How Philosophy Explains High-Speed Rail

Joe Mathews
Connecting California Columnist and Editor, Zócalo Public Square, Fellow at the Center for Social Cohesion at Arizona State University and co-author of California Crackup: How Reform Broke the Golden State and How We Can Fix It (UC Press, 2010)

I didn’t understand Gov. Jerry Brown’s state of the state speech, but my fellow members of the press let me know it was brilliant. All those quotes – from philosopher to the Bible to the Little Engine That Could – explained everything, I’m told.

So I’ve decided to learn, to turn over a new leaf, and use philosophy and the sharp quote to answer questions that haven’t been answered.

I thought I’d start with high-speed rail. The project remains a go, despite a huge number of questions about its future that haven’t been answered.
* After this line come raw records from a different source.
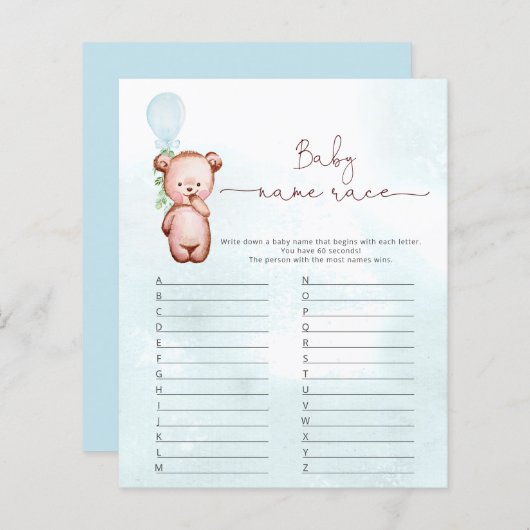 Eukalyptus Bear Baby Name Race Baby Shooting Game (Vorne/Hinten)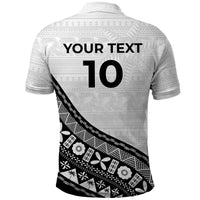 Custom Fijian Rugby Polo Shirt Tapa Pattern and Palm Tree Tribal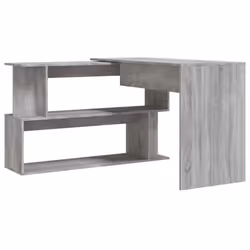 vidaXL Corner Desk Writing Rotable Table Engineered Wood Desk Multi Colours - grey sonoma - Additional view 4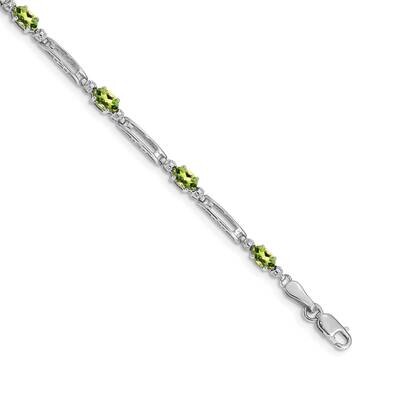 Peridot Bracelet 14k White Gold Diamond BM4492-PE-001-WA, MPN: BM4492-PE-001-WA, 883957253817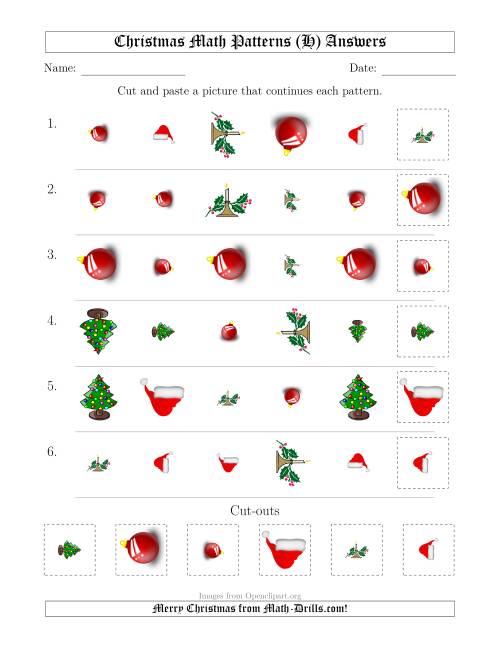 The Christmas Picture Patterns with Shape, Size and Rotation Attributes (H) Math Worksheet Page 2
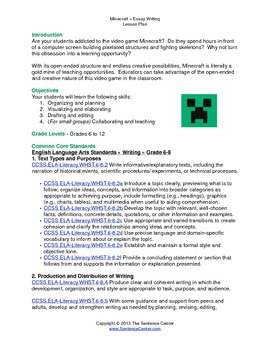 Minecraft Essay Writing A Lesson Plan W Student Samples And Rubric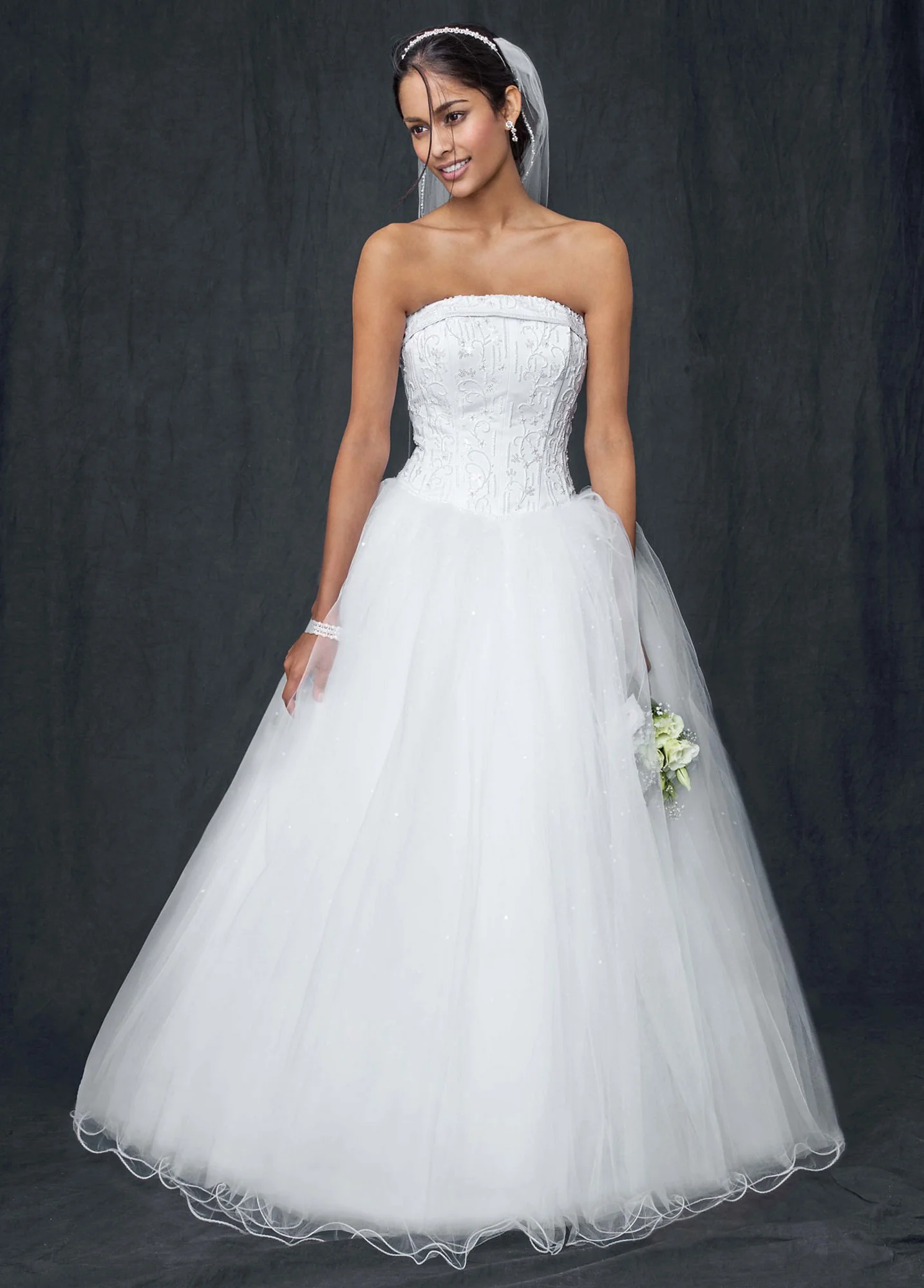 As-Is Strapless Tulle Ball Gown with Satin Bodice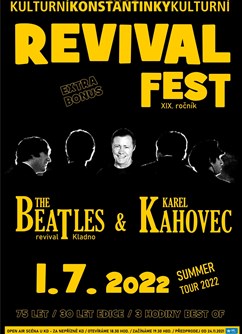 REVIVAL FEST- The Beatles revival + Karel Kahovec - SUMMER TOUR- festival Konstantinovy Lázně -Open air scéna u KD, Tichá 164, Konstantinovy Lázně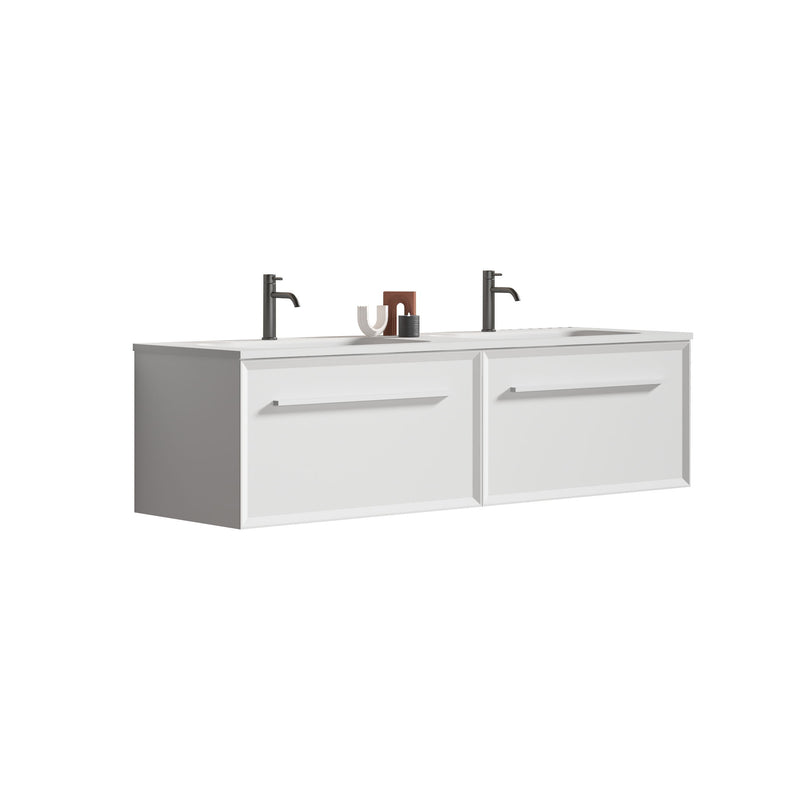 U052-Nevia60W-206 Nevia Bathroom Vanity With Automatic LED Drawer Light, Wall Mounted Bathroom Vanity With Integrated Solid Surface Sink, Without Drain - Snow White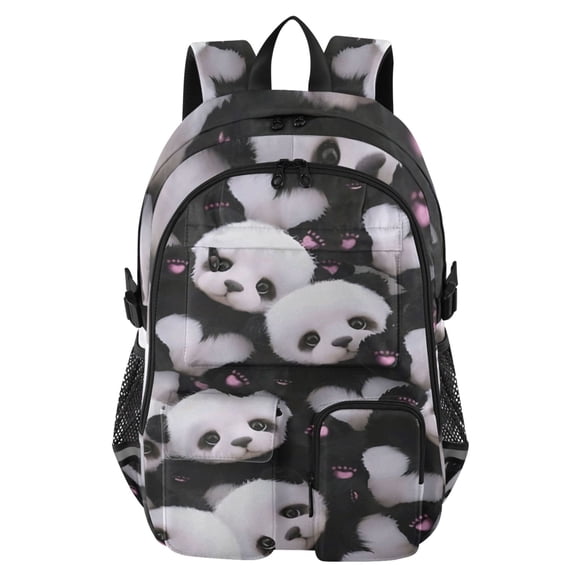 DIXRUYEE Panda Love Bomb Backpack for School 14Laptop Compatible with Reflective Safety Strips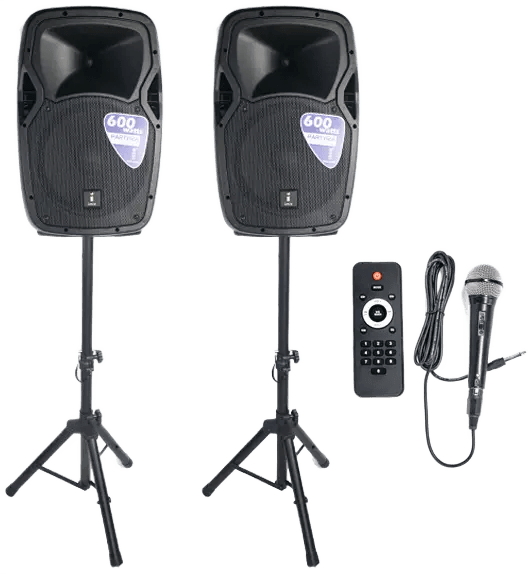 Party 12A 12″ Active Speaker Set w/ Stands And Mic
But if you just apply a few philosophical bon mots, everything is answered. Right?

Q: Construction is supposed to begin soon on the first stretch of rail, in the Central Valley, but the project lacks tens of billions of dollars of necessary funding. Isn’t it unwise to go forward without funding?

A: To quote Lao Tze, “It is the center hole that makes the wheel useful. Shape clay into a vessel. It is the space within that gives it worth.”

Q: OK, but who is going to ride this thing, anyway? Aren’t the ridership projections wildly exaggerated?

A: Was it not Ivan Illich, the Austrian priest turned theorist, who told us, “We must rediscover the distinction between hope and expectation.”

Q: Even if everything goes as planned, it’ll be more than 20 years before Phase 1 is complete. How can we possibly know what our transportation needs will be then?

A: Fear not. As Plato reminded us, “Time is the image of eternity.”

Q: Time is one thing, but the LA Times says the land hasn’t even been acquired for the beginning of construction.

A: Remember what Confucius said: “Better a diamond with a flaw than a pebble without.”

Q: Those are all interesting quotes, but I’m not sure how this whole thing comes off. Could Socrates have been thinking of high-speed rail when he said: “How many things I can do without!”